Addressing the European Parliament in Strasbourg, Monti said that while southern, so-called peripheral countries were widely blamed for the debt crisis, France and Germany also carried major responsibility for watering down the bloc’s fiscal rules.
“The euro zone crisis has given rise to too many resentments and re-created too many stereotypes, it has divided Europe into central countries and peripheral ones; all these categories must be decisively rejected,” he said.
Monti said France and Germany originated the crisis of the euro zone’s Stability Pact in 2003 when, with the support of Italy, they effectively dismantled the rules to forgive their own lack of fiscal discipline.
“There are no goodies and baddies in the European Union” he said, rejecting the popular division of the euro zone into virtuous northern countries and profligate southern ones such as Greece, which is battling to stave off a default.
“We all have to feel commonly responsible both for what has been done in the past and above all in the construction of the future.”
Frequently interrupted by applause, Monti said that while Europe was right to strengthen fiscal discipline, this should be accompanied by a greater emphasis on measures to help growth and improve the workings of the single European market.

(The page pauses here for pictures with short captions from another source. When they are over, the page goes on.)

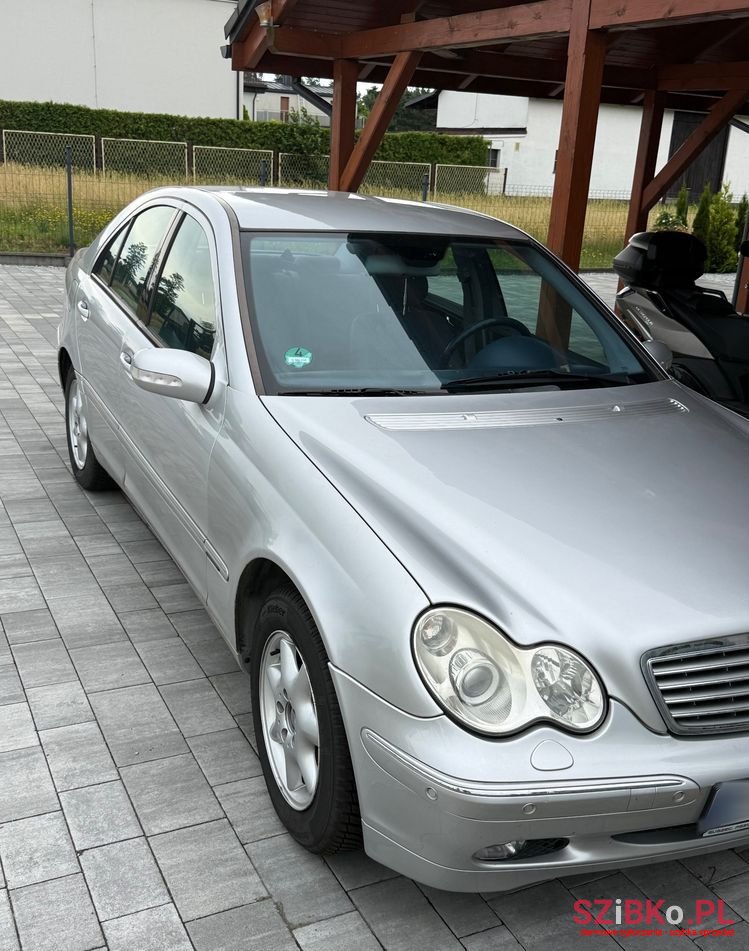 2002' Mercedes-Benz C-Class photo #6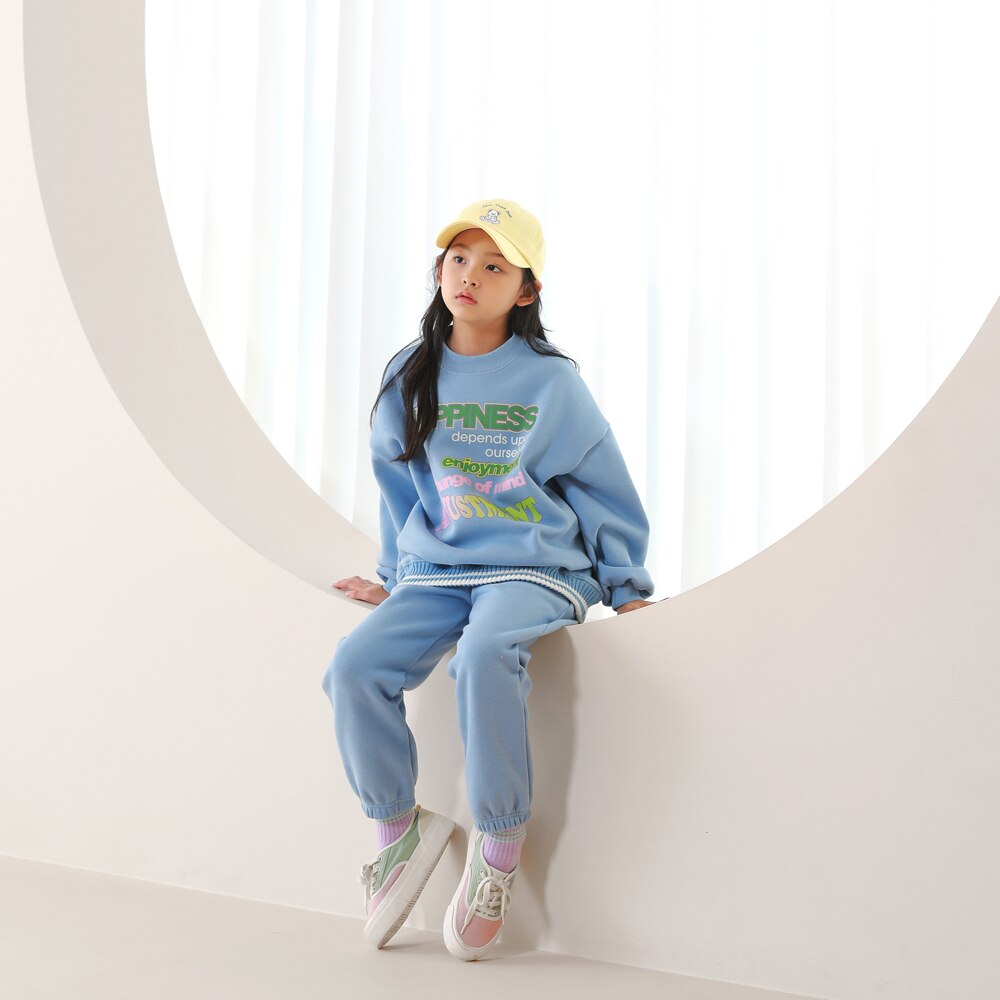 軽快なプリンティングディテールでカジュアルなポイントを加えた上下セット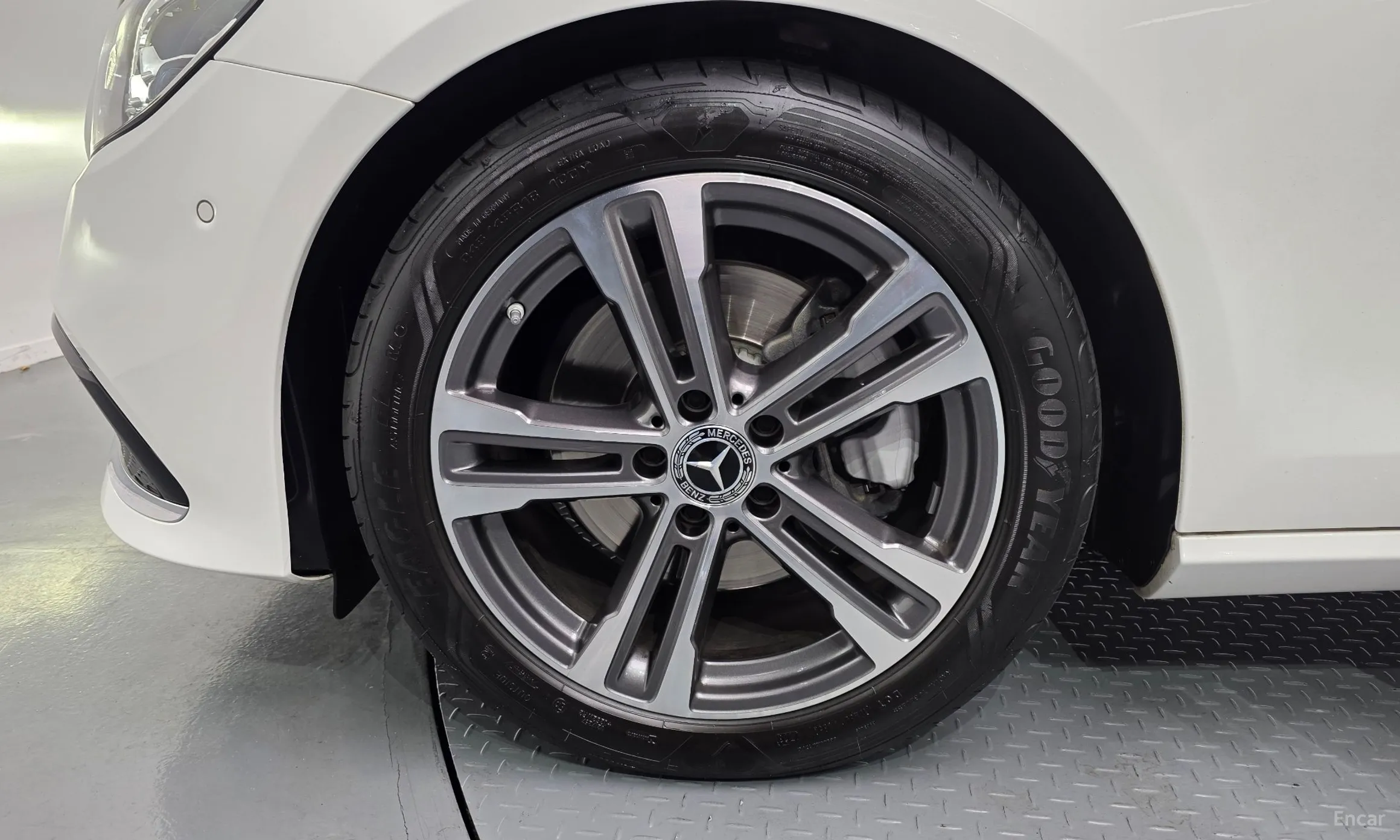 Mercedes Benz E-Class W213 превью 5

He reiterated his support for commonly backed euro zone bonds, which are currently rejected by Germany, and said Europe should at some stage consider excluding money spent on public investments from calculations of budget deficits.
Monti said it was positive that budget performances were now adjusted for the effects of the business cycle, giving some breathing space for countries hit by recession such as Italy.
Data on Wednesday showed the Italian economy contracted by 0.7 percent at the end of last year, throwing it into a recession expected to last for much of this year.
Monti said the worse-than-expected economic weakness was not a reason for Italy to adopt more austerity measures on top of the three deficit cutting packages adopted last year.
Recent declines in borrowing costs were not accounted for in the government’s most recent public finance estimates which aim for a balanced budget in 2013, Monti said, and this would help compensate for the decline in output.
Italy officially forecasts a contraction of gross domestic product of 0.4 percent this year, a projection now considered unrealistic by all independent forecasters.
The International Monetary Fund sees a GDP contraction of 2.2 percent, while employers’ lobby Confindustria forecasts a fall of 1.6 percent and the Bank of Italy expects a decline of between 1.2 percent and 1.5 percent.